Ci sono margini per poter rientrare generalmente in questi valori, ma occorre considerare che la spesa complessiva è costituita al minimo da oneri di cantierizzazione, fornitura e posa in opera dei materiali, spese tecniche per tutte le varie professionalità in campo, contributi previdenziali ed oneri fiscali su fatture e parcelle ove dovuti. Non è detto, a questo punto, che tutti gli interventi, pur se agevolati al 110%, possano essere coperti dal tetto di spesa. Si può fare l’esempio dei serramenti: essendo trainati dal cappotto, possono rientrare nella agevolazione del Superbonus, ma se il loro costo complessivo dovesse eccedere il tetto di spesa ammessa per i serramenti per quell’unità immobiliare, l’eccedenza potrà essere interessata esclusivamente da un credito d’imposta pari al 50% (per quanto la recente risoluzione n. 60 dell’Agenzia delle Entrate del 28.09.2020 abbia risolto molti precedenti dubbi in materia, lasciando ampio margine economico, sufficiente per la stragrande maggioranza delle ordinarie unità immobiliari, con un limite a 60.000 euro per unità). Il restante 50% sarà quindi a carico del committente, che dovrà saperlo prima per prendere opportune decisioni in materia.

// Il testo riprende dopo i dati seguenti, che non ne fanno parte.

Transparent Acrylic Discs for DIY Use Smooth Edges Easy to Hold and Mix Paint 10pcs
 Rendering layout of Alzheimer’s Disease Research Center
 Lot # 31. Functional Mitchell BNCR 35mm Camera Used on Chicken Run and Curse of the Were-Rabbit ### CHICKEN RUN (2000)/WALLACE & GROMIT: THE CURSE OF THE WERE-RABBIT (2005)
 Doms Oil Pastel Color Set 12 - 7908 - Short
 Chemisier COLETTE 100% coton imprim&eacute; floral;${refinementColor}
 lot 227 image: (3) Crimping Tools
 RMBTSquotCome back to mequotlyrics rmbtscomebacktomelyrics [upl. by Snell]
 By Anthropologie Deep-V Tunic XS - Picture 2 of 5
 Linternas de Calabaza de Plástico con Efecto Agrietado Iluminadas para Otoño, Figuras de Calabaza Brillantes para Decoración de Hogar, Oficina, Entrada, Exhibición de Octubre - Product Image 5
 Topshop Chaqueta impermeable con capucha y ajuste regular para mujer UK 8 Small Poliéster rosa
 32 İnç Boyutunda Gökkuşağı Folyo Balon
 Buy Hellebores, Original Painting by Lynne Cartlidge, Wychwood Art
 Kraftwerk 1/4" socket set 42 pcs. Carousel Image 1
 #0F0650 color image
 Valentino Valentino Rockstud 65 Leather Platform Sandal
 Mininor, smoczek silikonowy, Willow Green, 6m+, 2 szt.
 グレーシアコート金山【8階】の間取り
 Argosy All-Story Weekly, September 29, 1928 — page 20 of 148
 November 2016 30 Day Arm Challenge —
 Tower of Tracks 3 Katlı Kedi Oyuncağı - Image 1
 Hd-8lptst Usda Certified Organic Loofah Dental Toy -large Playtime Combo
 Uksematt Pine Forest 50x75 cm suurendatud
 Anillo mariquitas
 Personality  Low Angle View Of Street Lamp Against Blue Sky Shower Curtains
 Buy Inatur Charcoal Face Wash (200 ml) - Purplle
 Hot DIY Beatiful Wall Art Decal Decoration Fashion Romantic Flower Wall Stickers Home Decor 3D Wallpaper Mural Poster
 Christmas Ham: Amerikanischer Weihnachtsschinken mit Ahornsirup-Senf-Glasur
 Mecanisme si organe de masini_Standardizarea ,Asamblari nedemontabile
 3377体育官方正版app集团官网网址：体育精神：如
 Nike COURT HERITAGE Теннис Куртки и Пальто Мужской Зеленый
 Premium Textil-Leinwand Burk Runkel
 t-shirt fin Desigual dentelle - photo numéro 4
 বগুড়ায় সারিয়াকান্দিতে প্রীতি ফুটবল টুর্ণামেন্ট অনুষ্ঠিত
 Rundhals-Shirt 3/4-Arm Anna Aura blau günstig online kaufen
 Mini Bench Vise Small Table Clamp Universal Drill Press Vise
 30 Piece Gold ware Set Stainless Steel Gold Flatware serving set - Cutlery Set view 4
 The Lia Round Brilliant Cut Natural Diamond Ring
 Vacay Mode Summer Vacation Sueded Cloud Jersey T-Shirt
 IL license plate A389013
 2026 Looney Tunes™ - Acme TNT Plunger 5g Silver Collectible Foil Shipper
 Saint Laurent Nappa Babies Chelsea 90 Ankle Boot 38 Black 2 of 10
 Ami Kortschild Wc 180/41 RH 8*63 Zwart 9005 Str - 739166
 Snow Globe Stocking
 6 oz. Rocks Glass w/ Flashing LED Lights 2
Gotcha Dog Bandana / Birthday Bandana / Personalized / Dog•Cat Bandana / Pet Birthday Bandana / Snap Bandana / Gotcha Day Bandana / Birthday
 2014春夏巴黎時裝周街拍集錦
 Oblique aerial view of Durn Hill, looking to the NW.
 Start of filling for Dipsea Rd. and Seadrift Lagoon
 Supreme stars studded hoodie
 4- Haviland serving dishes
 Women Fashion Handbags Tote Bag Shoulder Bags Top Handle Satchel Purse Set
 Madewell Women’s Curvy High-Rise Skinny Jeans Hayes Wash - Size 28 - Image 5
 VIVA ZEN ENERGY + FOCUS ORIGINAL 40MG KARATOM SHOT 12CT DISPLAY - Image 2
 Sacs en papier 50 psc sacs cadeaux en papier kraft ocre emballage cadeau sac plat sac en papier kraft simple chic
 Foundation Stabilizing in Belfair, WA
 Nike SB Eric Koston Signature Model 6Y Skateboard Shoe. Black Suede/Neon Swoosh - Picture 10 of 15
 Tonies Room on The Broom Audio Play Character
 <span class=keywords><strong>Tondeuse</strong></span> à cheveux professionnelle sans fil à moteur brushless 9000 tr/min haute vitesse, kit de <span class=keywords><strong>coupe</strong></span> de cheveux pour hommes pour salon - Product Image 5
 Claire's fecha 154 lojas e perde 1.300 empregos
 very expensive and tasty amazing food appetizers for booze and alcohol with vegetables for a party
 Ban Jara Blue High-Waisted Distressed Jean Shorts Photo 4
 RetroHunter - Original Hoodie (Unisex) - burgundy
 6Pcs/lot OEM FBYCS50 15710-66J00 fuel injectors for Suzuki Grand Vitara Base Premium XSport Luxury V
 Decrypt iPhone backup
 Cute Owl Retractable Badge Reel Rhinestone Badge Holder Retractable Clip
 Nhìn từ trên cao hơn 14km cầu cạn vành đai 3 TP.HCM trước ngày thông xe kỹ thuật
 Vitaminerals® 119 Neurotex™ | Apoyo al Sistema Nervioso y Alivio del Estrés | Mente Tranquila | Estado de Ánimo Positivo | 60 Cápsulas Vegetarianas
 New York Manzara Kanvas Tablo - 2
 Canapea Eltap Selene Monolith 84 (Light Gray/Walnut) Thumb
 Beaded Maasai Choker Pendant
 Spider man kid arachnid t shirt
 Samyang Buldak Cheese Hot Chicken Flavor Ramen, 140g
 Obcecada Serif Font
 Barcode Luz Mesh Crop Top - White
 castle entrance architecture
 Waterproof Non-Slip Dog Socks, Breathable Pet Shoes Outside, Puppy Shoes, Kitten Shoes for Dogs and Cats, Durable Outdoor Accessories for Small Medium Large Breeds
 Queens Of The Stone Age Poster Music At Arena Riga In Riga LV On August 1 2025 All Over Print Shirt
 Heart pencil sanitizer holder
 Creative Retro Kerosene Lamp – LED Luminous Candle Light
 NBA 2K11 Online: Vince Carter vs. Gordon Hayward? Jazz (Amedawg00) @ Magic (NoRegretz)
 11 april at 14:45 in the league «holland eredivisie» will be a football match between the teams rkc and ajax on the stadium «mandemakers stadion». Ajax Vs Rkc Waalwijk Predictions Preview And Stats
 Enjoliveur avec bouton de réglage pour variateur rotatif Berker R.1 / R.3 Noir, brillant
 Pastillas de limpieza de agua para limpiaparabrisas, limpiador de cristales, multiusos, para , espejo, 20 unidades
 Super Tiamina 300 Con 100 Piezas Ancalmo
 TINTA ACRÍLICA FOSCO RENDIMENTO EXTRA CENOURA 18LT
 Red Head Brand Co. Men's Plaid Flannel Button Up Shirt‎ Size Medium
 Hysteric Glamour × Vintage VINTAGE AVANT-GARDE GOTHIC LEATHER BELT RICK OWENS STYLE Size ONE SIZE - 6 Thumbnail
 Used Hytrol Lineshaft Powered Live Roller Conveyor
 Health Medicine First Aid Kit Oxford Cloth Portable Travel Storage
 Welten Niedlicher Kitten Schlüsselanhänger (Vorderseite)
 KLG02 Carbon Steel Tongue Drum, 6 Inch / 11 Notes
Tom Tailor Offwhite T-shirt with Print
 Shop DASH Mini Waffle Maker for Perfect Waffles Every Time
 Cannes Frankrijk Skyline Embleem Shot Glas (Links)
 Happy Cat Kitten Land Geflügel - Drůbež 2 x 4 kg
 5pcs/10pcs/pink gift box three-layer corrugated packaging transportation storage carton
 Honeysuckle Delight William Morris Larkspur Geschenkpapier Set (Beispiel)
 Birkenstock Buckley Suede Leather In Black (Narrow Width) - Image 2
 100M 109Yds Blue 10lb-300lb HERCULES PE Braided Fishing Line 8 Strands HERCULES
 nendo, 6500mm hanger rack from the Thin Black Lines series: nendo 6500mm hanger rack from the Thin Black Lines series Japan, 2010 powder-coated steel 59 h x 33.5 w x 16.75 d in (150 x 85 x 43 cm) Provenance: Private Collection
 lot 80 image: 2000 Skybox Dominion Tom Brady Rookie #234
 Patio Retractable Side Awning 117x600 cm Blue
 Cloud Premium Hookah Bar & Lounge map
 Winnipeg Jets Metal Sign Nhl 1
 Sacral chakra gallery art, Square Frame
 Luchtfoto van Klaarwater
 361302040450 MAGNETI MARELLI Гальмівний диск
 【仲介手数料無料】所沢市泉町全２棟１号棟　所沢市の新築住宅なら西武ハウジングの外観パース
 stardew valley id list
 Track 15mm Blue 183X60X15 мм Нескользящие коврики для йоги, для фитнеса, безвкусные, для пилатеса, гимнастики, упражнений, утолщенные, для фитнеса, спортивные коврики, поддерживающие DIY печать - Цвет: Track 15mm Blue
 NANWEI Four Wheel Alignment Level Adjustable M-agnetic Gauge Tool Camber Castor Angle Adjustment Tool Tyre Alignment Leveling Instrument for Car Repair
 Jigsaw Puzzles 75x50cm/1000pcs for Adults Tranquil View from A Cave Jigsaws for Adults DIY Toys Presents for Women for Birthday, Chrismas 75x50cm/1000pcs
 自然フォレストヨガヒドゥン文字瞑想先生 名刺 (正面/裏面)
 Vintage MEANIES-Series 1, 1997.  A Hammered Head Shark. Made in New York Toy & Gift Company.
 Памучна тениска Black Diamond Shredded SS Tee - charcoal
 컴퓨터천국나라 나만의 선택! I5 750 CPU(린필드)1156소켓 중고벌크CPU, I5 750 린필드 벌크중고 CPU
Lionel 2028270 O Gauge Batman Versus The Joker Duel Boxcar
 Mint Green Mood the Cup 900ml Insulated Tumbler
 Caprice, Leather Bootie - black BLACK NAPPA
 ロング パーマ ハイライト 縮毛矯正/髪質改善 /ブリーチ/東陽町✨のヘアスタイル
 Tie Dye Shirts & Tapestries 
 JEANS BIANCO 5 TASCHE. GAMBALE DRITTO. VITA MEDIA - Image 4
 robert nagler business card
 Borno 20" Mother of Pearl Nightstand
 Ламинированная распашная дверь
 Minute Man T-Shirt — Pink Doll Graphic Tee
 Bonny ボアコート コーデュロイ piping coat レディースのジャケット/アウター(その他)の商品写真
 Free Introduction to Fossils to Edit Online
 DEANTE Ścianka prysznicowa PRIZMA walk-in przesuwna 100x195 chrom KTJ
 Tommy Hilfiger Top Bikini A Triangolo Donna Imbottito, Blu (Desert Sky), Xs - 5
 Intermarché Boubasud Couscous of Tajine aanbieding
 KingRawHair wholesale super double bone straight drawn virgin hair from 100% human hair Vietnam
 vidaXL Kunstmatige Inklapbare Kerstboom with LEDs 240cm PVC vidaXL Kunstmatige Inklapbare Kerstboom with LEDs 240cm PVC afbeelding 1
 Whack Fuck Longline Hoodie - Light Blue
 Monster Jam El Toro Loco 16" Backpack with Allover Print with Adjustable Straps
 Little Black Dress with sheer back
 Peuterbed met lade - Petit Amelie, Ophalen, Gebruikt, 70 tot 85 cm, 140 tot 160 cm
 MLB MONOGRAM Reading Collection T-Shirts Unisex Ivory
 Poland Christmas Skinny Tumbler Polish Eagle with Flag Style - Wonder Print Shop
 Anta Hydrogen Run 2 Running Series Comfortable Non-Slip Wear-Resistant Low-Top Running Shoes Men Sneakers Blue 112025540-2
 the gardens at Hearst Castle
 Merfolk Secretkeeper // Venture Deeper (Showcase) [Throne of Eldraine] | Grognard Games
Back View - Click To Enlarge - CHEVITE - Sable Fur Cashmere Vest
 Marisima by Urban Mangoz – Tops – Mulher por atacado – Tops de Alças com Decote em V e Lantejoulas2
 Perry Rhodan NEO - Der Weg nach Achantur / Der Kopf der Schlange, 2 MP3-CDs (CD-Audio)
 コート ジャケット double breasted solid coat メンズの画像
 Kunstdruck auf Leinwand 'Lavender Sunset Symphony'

Parimenti dicasi per interventi accessori di manutenzione straordinaria che si rendessero necessari per poter effettuare le opere interessate dal Superbonus o si ritenessero opportuni per scelta della committenza (un esempio puramente indicativo: la struttura del tetto in caso di coibentazione delle parti opache): qualora non compresi in quelli ammessi al credito d’imposta del 110%, dovrebbero essere conteggiati a parte con richiesta del credito pari alla percentuale ammessa (generalmente il 50%), pur facendo salve le comode opzioni alternative dello sconto in fattura e della cessione del credito.
Insomma, Pantalone paga ma forse non tutto e non sempre … e quando paga comunque vuole essere sicuro che davvero gli spettasse di farlo, pena la restituzione di quanto non dovuto oltre le relative sanzioni. Attenzione quindi a voler partire verso questa difficile avventura con in tasca solo le mani e niente altro.